Friday, December 30, 2022

RINGAN GILHAIZE

 Ringan Glihazie by John Galt, 1823, Canongate, Edinburgh, 1995, paperback, 488 pages.

This 1823 historical novel about the Covenanters during the killing times is written in beautifully descriptive prose. The subject matter is not for the faint-hearted.

There was the time when Ringan Gilhaize was guided into an overcrowded prison cell of fellow Covenanters in Edinburgh.

“I entered among them, as if I had come into the dark abode of spectres, and manes, and dismal shadows. The prison was crowded overmuch, and though life was to many not worth the care of preservation, they yet esteemed it as the gift of their Maker, and as such considered it their duty to prolong for his sake. It was therefore a rule with them to stand in successive bands at the windows, in order that they might taste of the living air from without … At that moment a shriek of horror rose from all then looking out, and every one recoiled from the window. In the same instant a bloody head on a halbert was held up to us. – I looked  I saw the ghastly features and I would have kissed those lifeless lips; for, O! they were my son’s.

“I had laid that son, my only son, on the altar of the Covenant, an offering unto the Lord; but still I did hope that maybe it would be according to the mercy of wisdom that He would provide a lamb in the bush for the sacrifice; and when the stripling had parted from me, I often felt as the mother feels when the milk of love is in her bosom, and her babe no longer there.” Pgs. 390-92.

I was thankful for the eleven pages glossary at the back of the book that helped me with some of the old Scots words whose meaning I struggled with. I also appreciated the inclusion of an English translation of the 1320 Declaration of Arbroath and also the following contained in the Postscript:

“It does not seem to be, as yet, very generally understood by the critics in the South, that, independently of phraseology, there is such an idiomatic difference in the structure of the national dialects of England and Scotland, that very good Scotch might be couched in the purest of English terms, and without the employment of a single English word.

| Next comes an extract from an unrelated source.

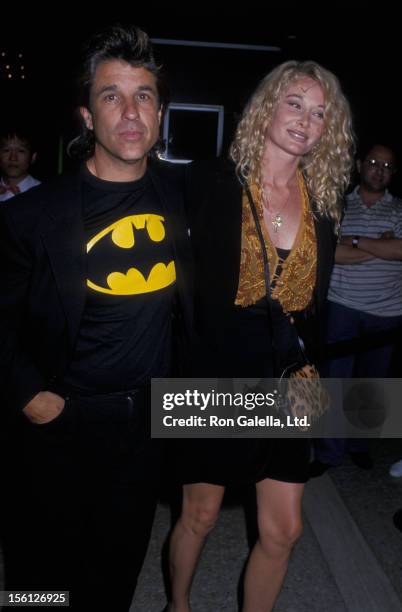 Producer Jon Peters and wife Christine Forsyth attend the premiere of 'Batman' on June 19, 1989 at Mann Bruin Theater in Westwood, California.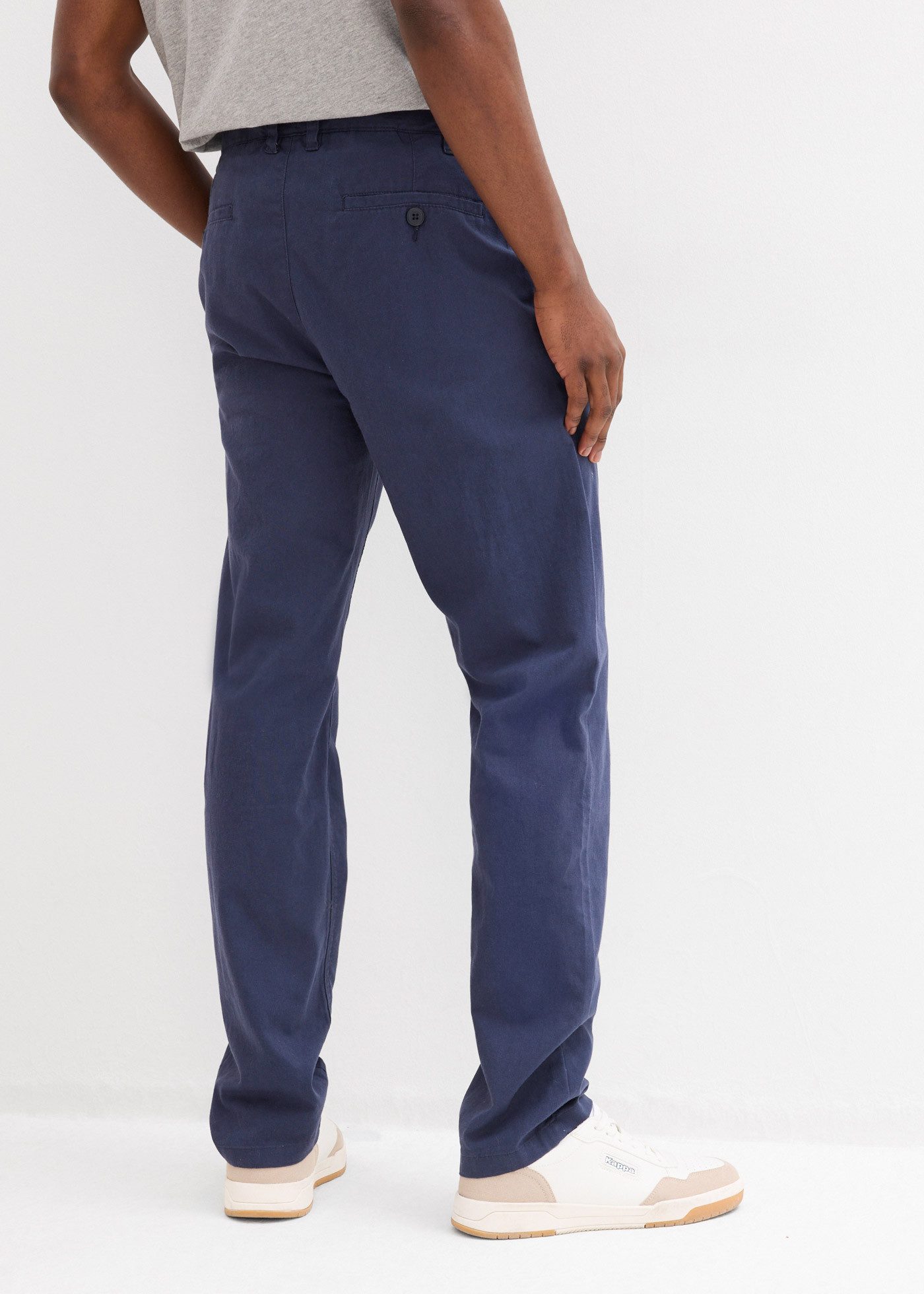 bonprix Chinohose aus Leinen und Baumwolle, Regular Fit, im Chino-Stil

“In reviewing the Memoirs of that worshipful personage, Provost Pawkie, some objection has been made to the style, as being neither Scotch nor English, – not Scotch, because the words are English, – and not English, because the forms of speech are Scottish. What has thus been regarded as a fault by some, others acquainted with the peculiarities of the language may be led to consider as a beauty.” p. 448.